Typically, if homestead property is devised to an heir or descendant, as permitted by law, it vests in said heir or descendant immediately upon death and is not considered an asset of the estate. In many cases, the homestead can be the largest asset owned by a decedent at the time of death, and if vacant or unoccupied, the question becomes what is a personal representative’s responsibility as to protecting or preserving the home for the Decedent’s heirs and to what extent can other estate assets be used for such protection?
Pursuant to Florida Statute §733.608 (2), General Power of the Personal Representative, if a property that reasonably appears to the personal representative to be protected homestead is not occupied by a person who has an interest in the property, the Personal Representative is authorized to take possession of the property for the limited purpose of preserving, insuring, and protecting it for the person having an interest in the property, pending a determination of its homestead status. Pursuant to §733.608 (3)

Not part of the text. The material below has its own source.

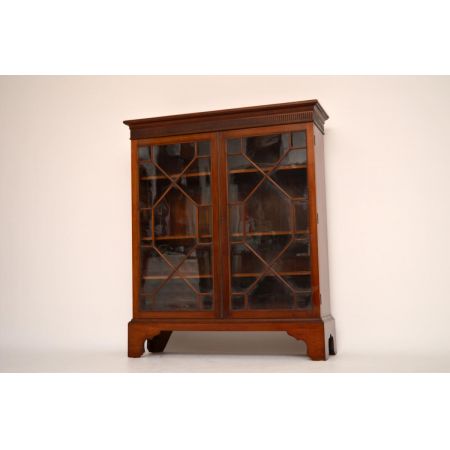 Antike Astral-Verglaste Mahagoni Vitrine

If the Personal Representative expends funds or incurs obligations to preserve, maintain, insure or protect the property referenced in subsection (2), the Personal Representative shall be entitled to a lien on that property and its revenues to secure repayment of those expenditures and obligations incurred. These expenditures or obligations incurred, including but not limited to, fees and costs, shall constitute a debt to the Personal Representative that is charged against and which may be secured by a lien on the protected homestead, as provided in this section. This debt shall include amounts paid for these purposes after the decedent’s death and prior to the personal representative’s appointment to the extent later ratified by the Personal Representative in the court proceeding provided for in this section.

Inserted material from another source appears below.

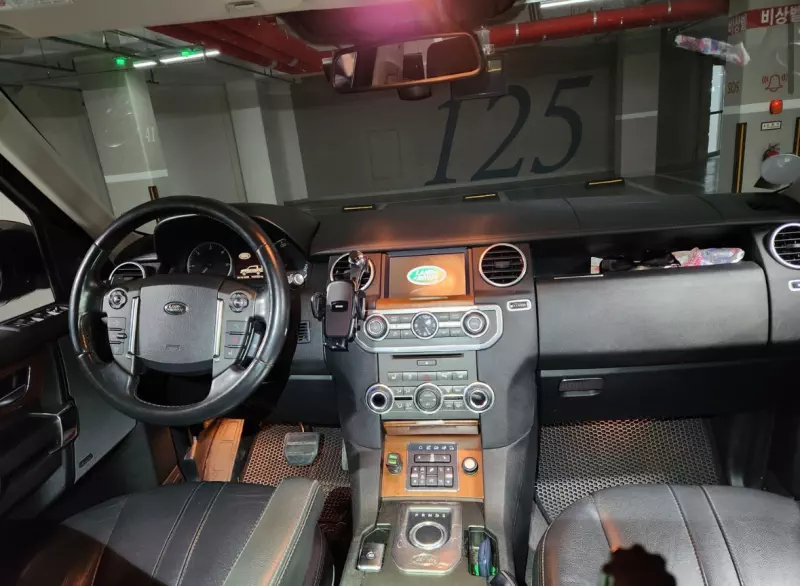 Land Rover DISCOVERY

On the petition of the Personal Representative or any interested person, the court having jurisdiction of the decedent’s probate estate shall have jurisdiction to adjudicate the amount of the debt after Formal Notice to those persons appearing to have an interest in the property. Florida Probate Rule 5.402(b) sets forth the contents required for a valid lien.
The notice of lien shall contain (1) name and address of the Personal Representative and Personal Representative’s attorney (2) a legal description of the property (3) to an extent known, the name and address of each person appearing to have an interest in the property; and (4) a statement that the PR has expended or is obligated to expend funds to preserve, maintain, insure, or protect the property and that the lien stands as security for recovery of those expenditures and obligations incurred, including fees and costs.